PROBLEM TO SOLVE:
Your answer must be the exact lines below, starting with the line with "SET 3 FLOREROS" and going on through the line with "라이브잇 피셔프라이스 PPSU 젖병 300ml 2P, 블루, 16개", both included, with no pictures.

DATA FOR THIS EXERCISE:
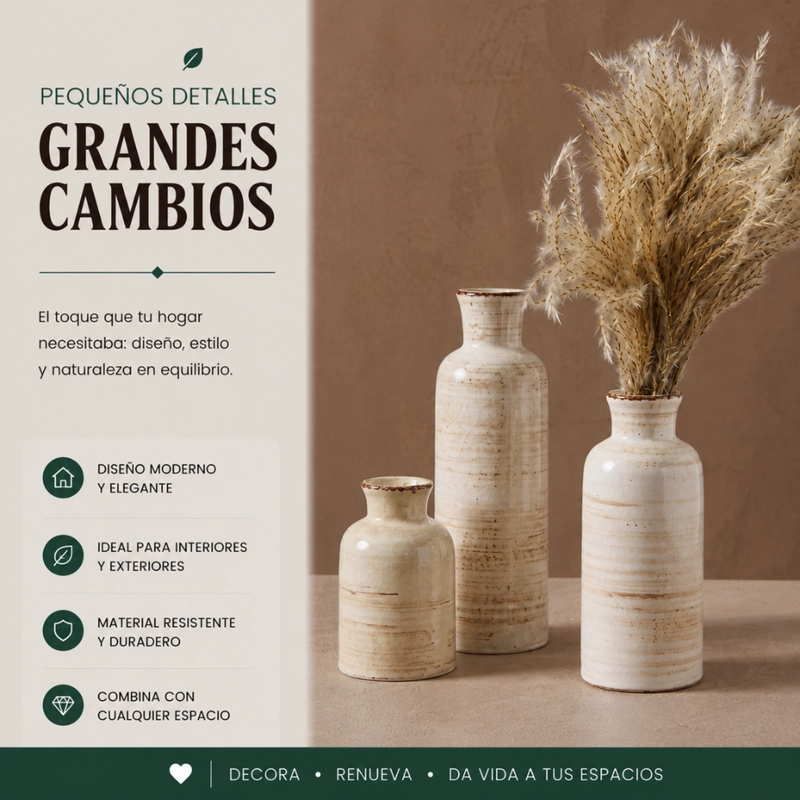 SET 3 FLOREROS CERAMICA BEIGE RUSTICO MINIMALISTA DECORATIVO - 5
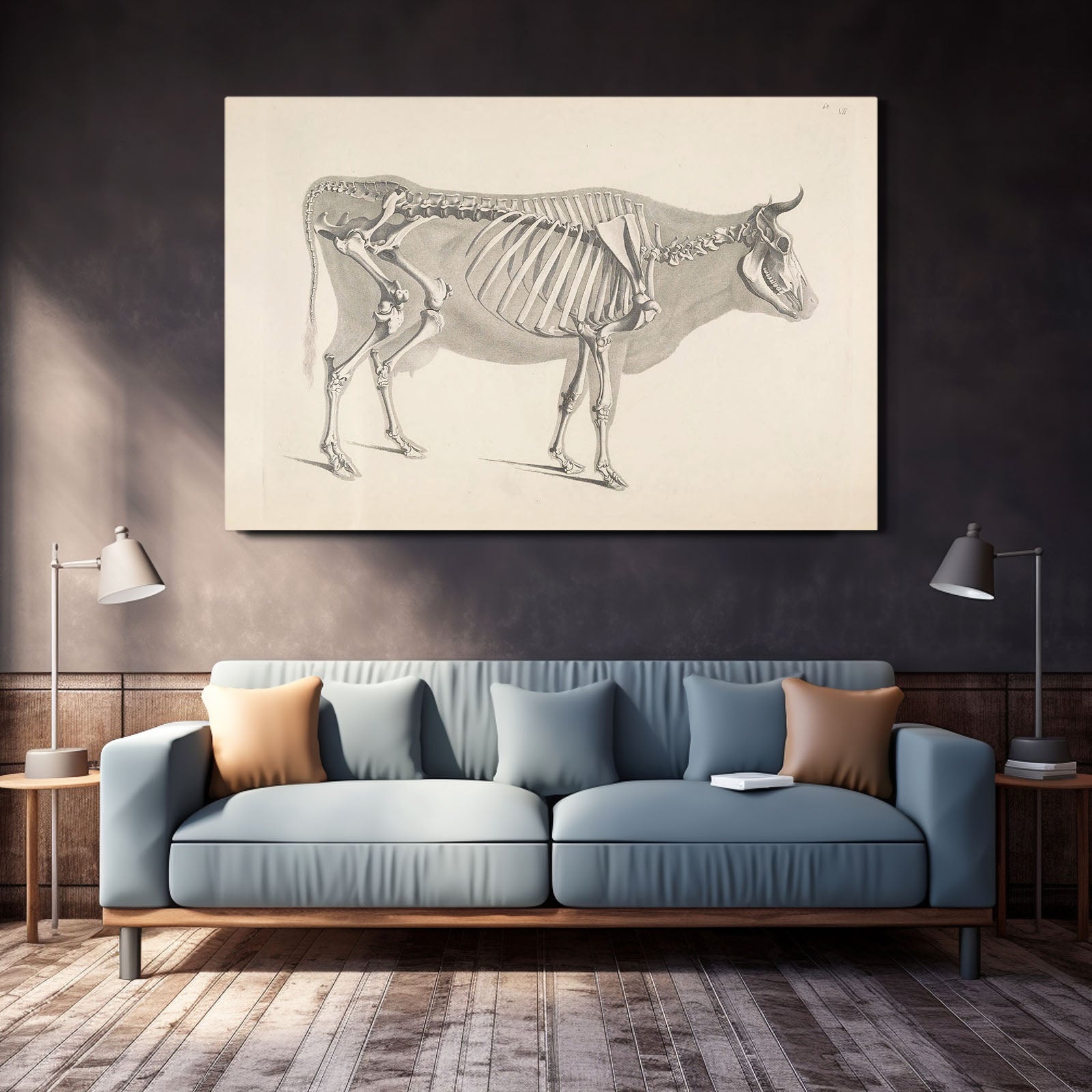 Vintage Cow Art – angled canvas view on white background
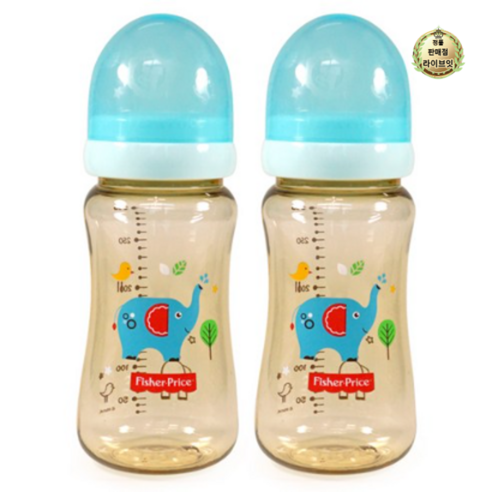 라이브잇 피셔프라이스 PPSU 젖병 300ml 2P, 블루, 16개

==

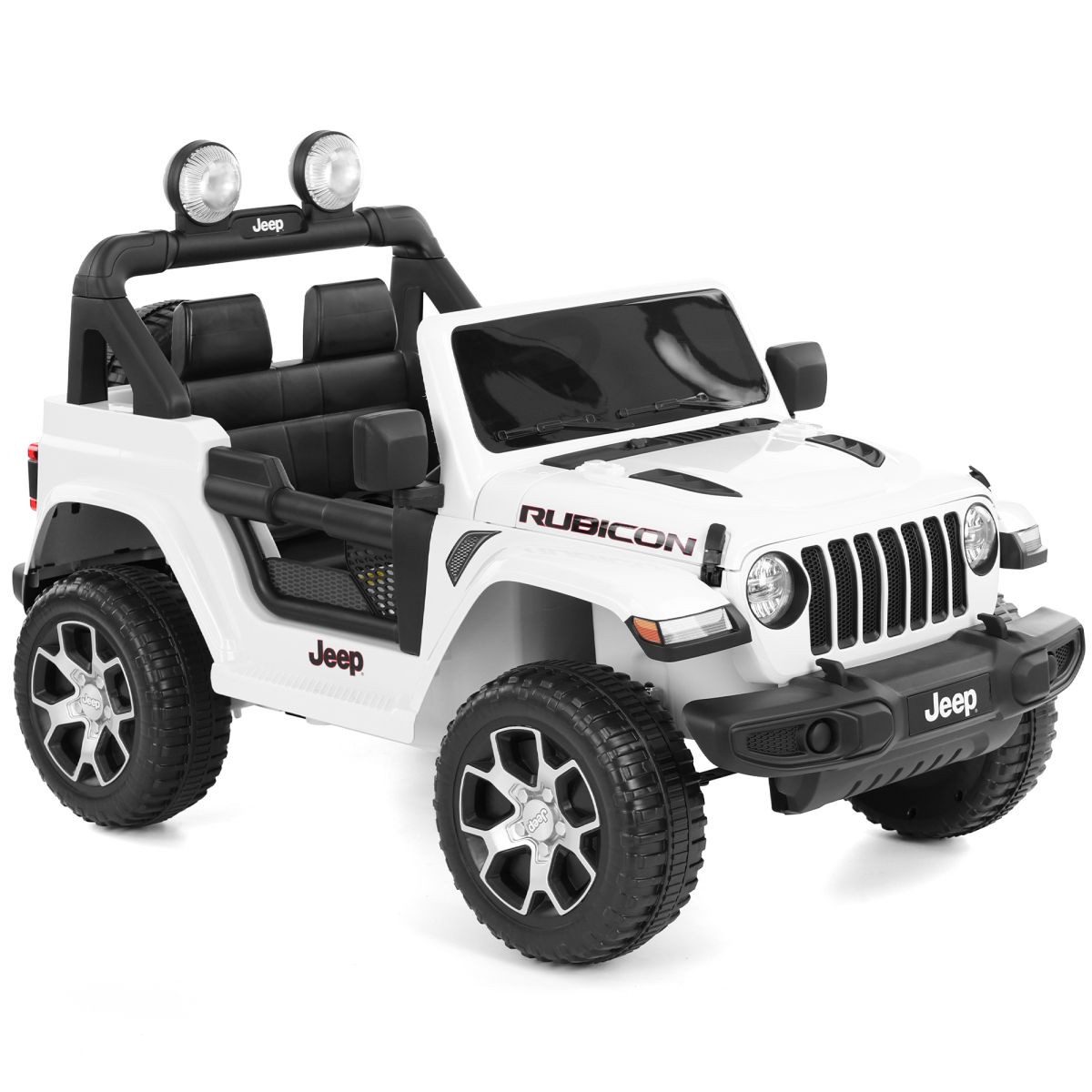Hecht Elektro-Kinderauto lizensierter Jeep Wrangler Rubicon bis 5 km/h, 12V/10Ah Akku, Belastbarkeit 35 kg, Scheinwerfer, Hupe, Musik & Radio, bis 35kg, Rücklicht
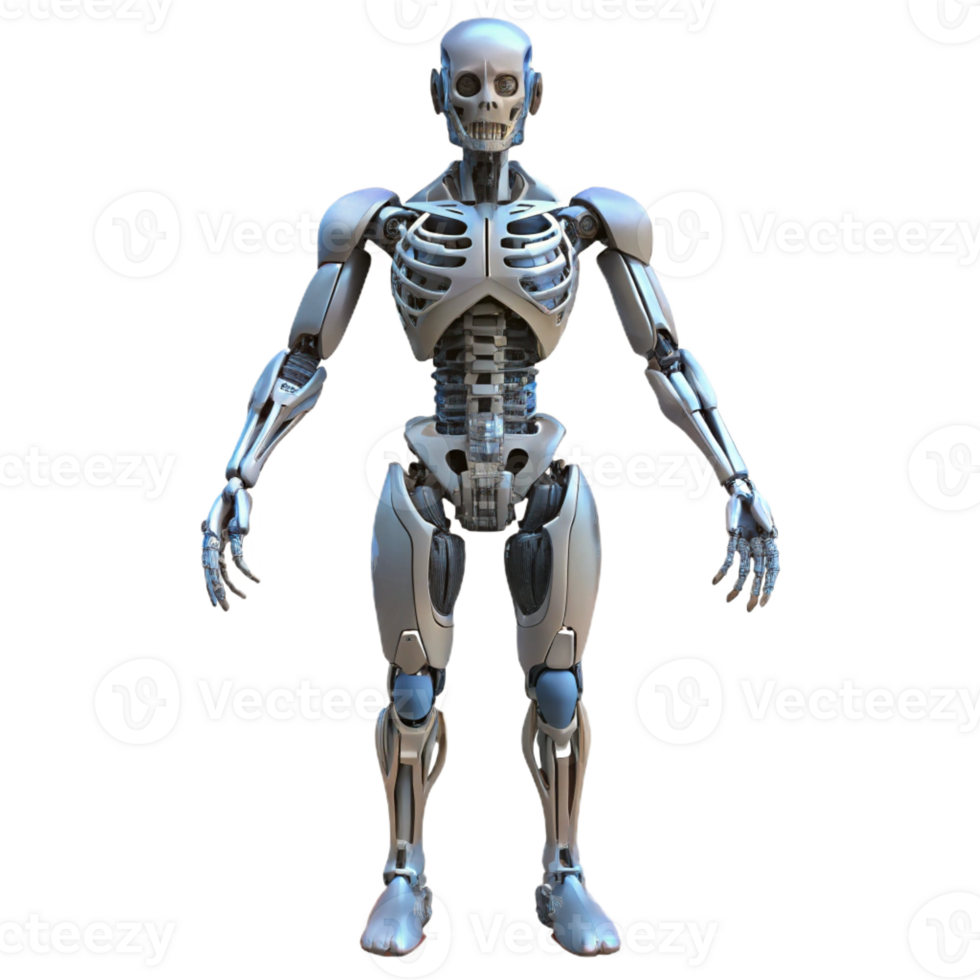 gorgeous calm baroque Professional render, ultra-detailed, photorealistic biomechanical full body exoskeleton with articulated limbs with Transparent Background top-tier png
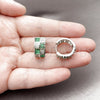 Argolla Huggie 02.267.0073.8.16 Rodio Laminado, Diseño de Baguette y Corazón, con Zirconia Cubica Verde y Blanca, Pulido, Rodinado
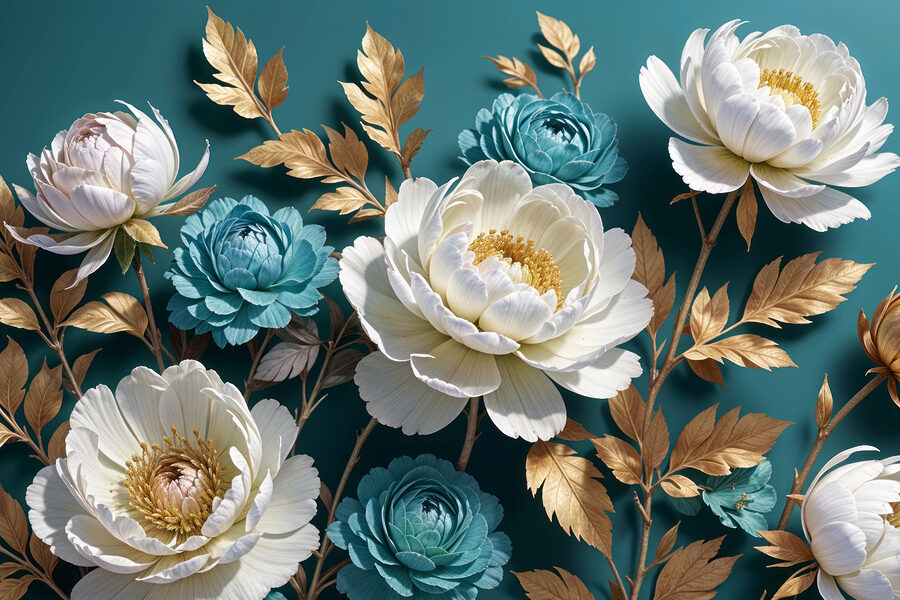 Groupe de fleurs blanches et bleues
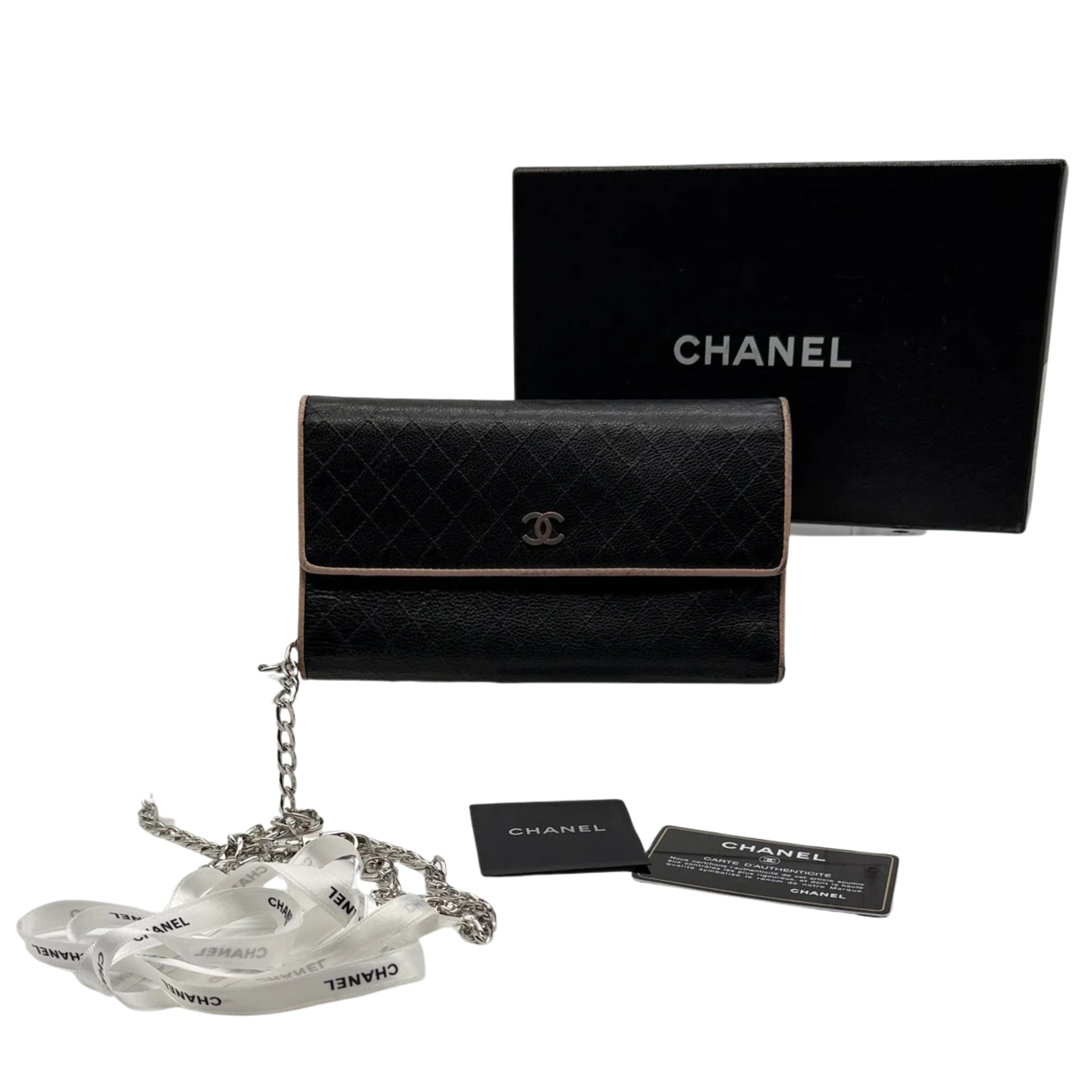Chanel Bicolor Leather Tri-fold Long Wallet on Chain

--

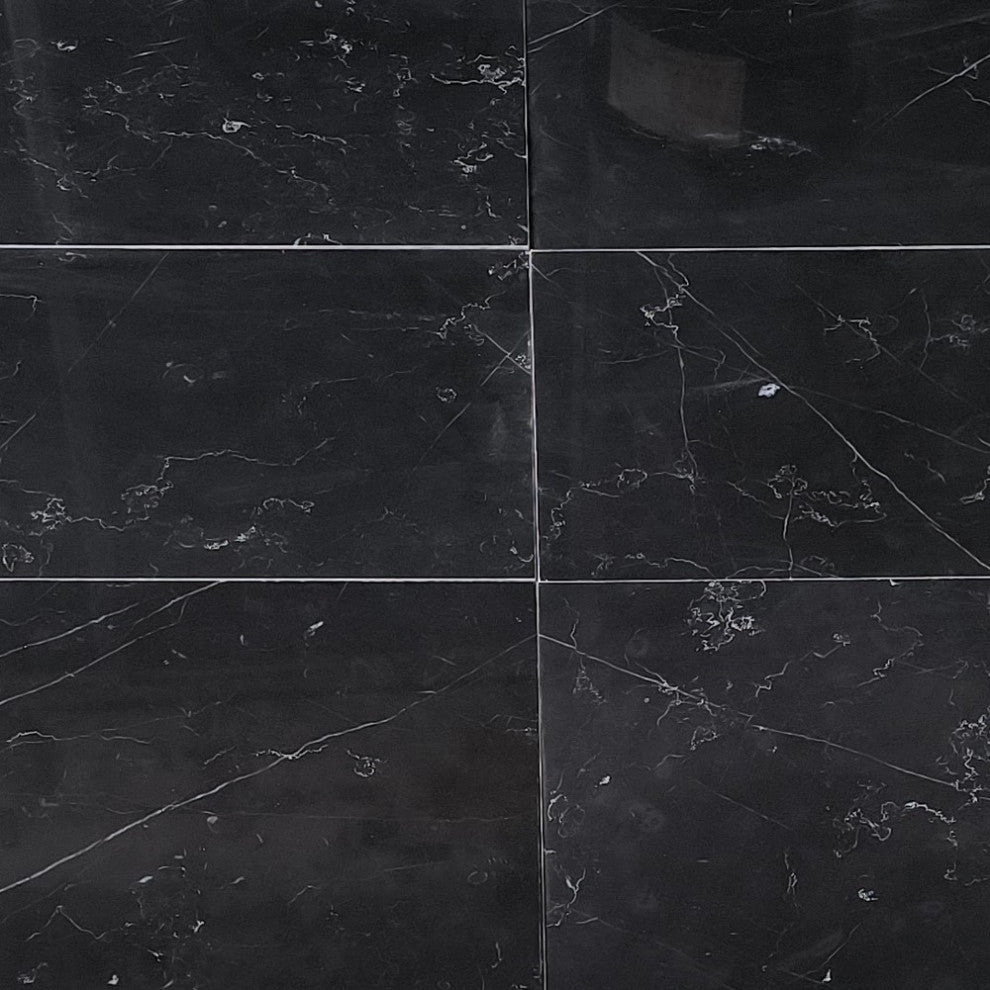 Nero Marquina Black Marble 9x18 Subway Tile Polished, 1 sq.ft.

EXPECTED ANSWER:
 SET 3 FLOREROS CERAMICA BEIGE RUSTICO MINIMALISTA DECORATIVO - 5
 Vintage Cow Art – angled canvas view on white background
 라이브잇 피셔프라이스 PPSU 젖병 300ml 2P, 블루, 16개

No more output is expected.